Monday, 15 September 2008

Good morrow to you my faithful chums,

I have returned from my travels...I have been away to Olde London Town and a very pleasant stay it was. I have returned a tad knackered and a lot broke...hey ho.
Whilst I was there I went on a visit to St. Pauls cathedral...I was not impressed and at a tenner a throw I so wanted to be. It wasn't the fact that the entrance fee was so pricey...it was such a dry and souless place, it could well of been a wine bar or some such venue. The ceilings were beautiful though so all was not lost...plus...it was a major work out walking up all those steps to the top of the dome.
I managed to get to the "Hadrian" exhibition at the British museum...now that was worth the fee. It was really very interesting and some of the sculptures were stunning. I fell in love with the "mummy" portraits and left the proceedings completely inspired and wanting to mummify someone just so I could paint their portrait. Not too sure if that's quite the done thing in this day and age but a bloke can only try...not sure if it's legal either but if anyone out there fancies being mummified and then immortalised then I'm your man.

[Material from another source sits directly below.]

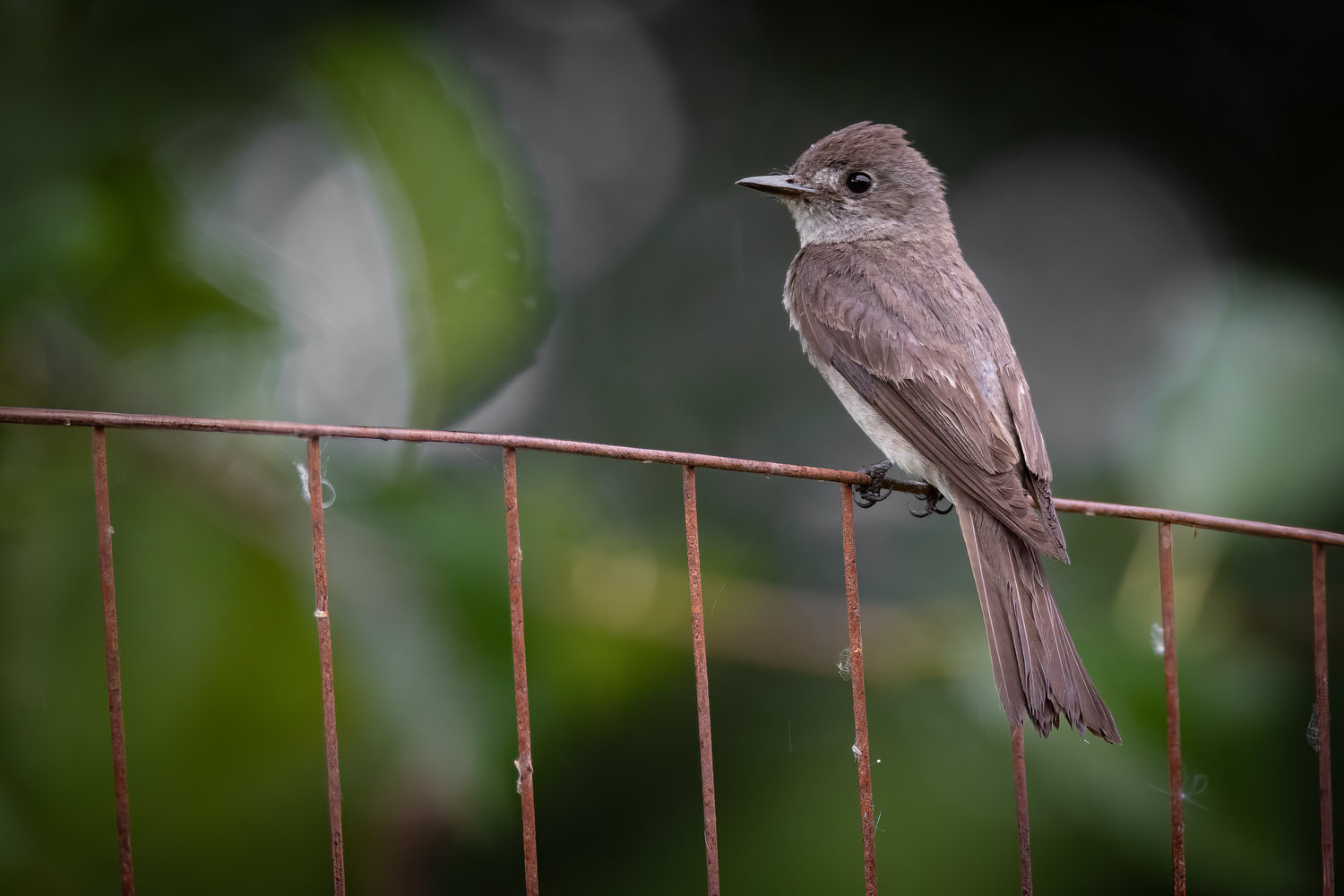 This is the Western Wood-Pewee Flycatcher.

I am now back to my sort of reality...mmmm...not sure if that's a comfort or not??? I have been so engrossed in these "Romanesque" paintings since my return I wonder if I should don a gladiators outfit and fight some lions...mind, with my legs and our weather it could prove dangerous. I have still got to add something or omit something and they will be spot on...I keep painting bits, gazing at bits, tweaking bits and distressing bits...one day a bell will go off in my head and I will know that this is it...finished. I sincerely hope that day arrives soon because I am going crossed eyed and virtually blind working on them. If I charged an hourly rate for all the man hours spent on this series they would retail for about £4 squillion..........

I am also in a bit of a conundrum and am wondering if I should be very brave and quit the work on the ward for a less stressful and less time consuming job. I so want to be concentrating on my painting and illustration stuff but am a big fat scardy cat about leaving my "comfort zone". When did I become such a coward??? What hapened to the boy who left art college with a song in his heart and a spring in his step?...mmm...bordering on bursting into song here so will shut up...and with a voice that could shatter plastic it would not be good...hey ho.